It doesn't work so well in the wet, on those occasions I use a 26ft retractable lead. My dog wears a fleece lined harness by Trixie which is very protective if he runs to the end of the lead.


----------



## prose (6 September 2008)

I have a 50 ft training lead from when Stella was a puppy, and occasionally I'll use her 26 foot flexi-leash if, for example, we're walking near livestock or are deep in bear/coyote country (not in NYC, obviously  
	
	
		
		
	


	




). There is a certain skill to using one, and I think that's an excellent idea for a deaf dog.


----------



## Sprout (7 September 2008)

I use a flexi lead for one of mine who has "selective deafness" when we are out, and she wears a halti too as she can be very strong, she gets a sense of freedom without me worrying about her disappearing into the sunset!

At home, she likes to play with her Kong on a rope toy, but she keeps wandering off with it, and then forgets where she has left it, so now I have tied the Kong to a red lunge line, and we never loose it - one problem solved!


----------



## Oneofthepack (7 September 2008)

[ QUOTE ]
so now I have tied the Kong to a red lunge line, and we never loose it - one problem solved!  
	
	
		
		
	


	





[/ QUOTE ]

What a brilliant idea!


----------



## sade1986 (7 September 2008)

QR We use one for our JRTs as they sometimes catch a glimpse of things and they are off, no chance of calling them back. Lets them have a roam without roaming to far when out on walks.
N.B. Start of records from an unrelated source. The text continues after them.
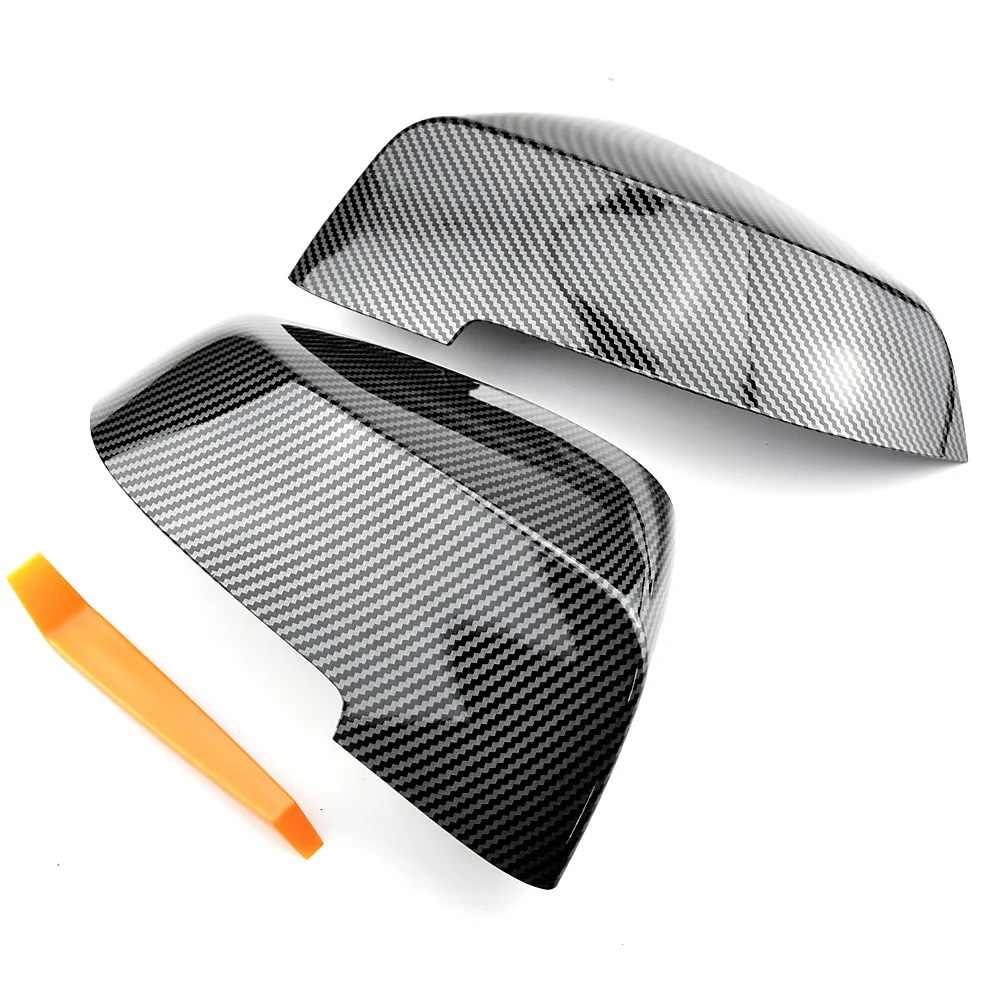 Side Wing Rearview Mirror Cover Cap For BMW 5 6 7 Series E60 E61 E63 E64 F01 F02-F04 F06 F07 F10 F11 F12 F13 Carbon Fiber Black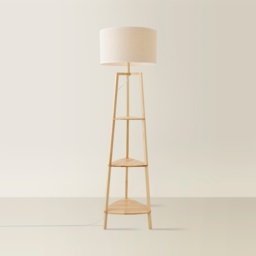 ValueLights Hiru 3 Shelf White Trim Linen Shade Floor Lamp and Bulb - Cream - Wilko - thumbnail 6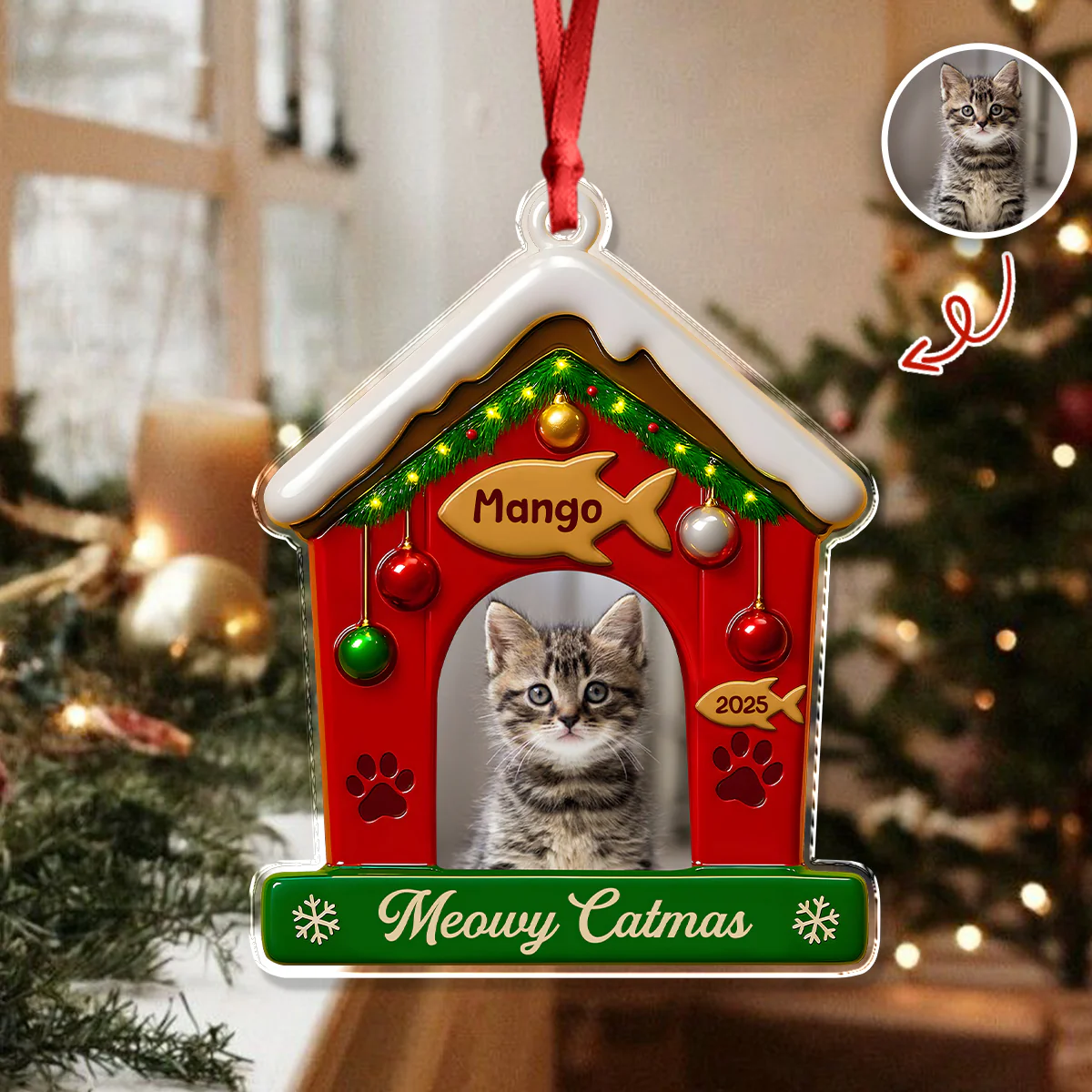 My First Christmas With Cat Photo Acrylic Ornament Gift For Cat Lovers CH07 896842 - Image 4
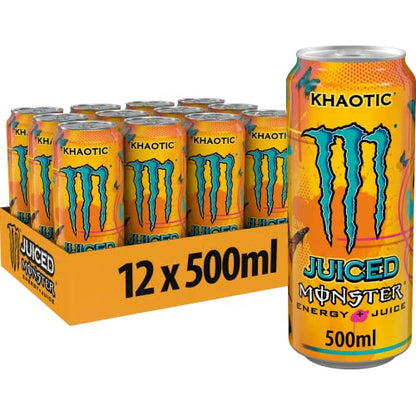Monster Energy Juiced Khaotic Caffeinated Energy Drink with Tropical Citrus Flavour in Practical Disposable Tins (12 x 500 ml)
Tried one of those extendable leads but they tend to run to the end and jerk them, ended up breaking a couple so decided the lunge line was best.


----------



## CorvusCorax (8 September 2008)

They are very good during recall training, or for male GSDs who ignore you when they see something interesting 
	
	
		
		
	


	




 you just need good 'lead management', ie use both hands!

I hate retractables, they should be piled up and burned!


----------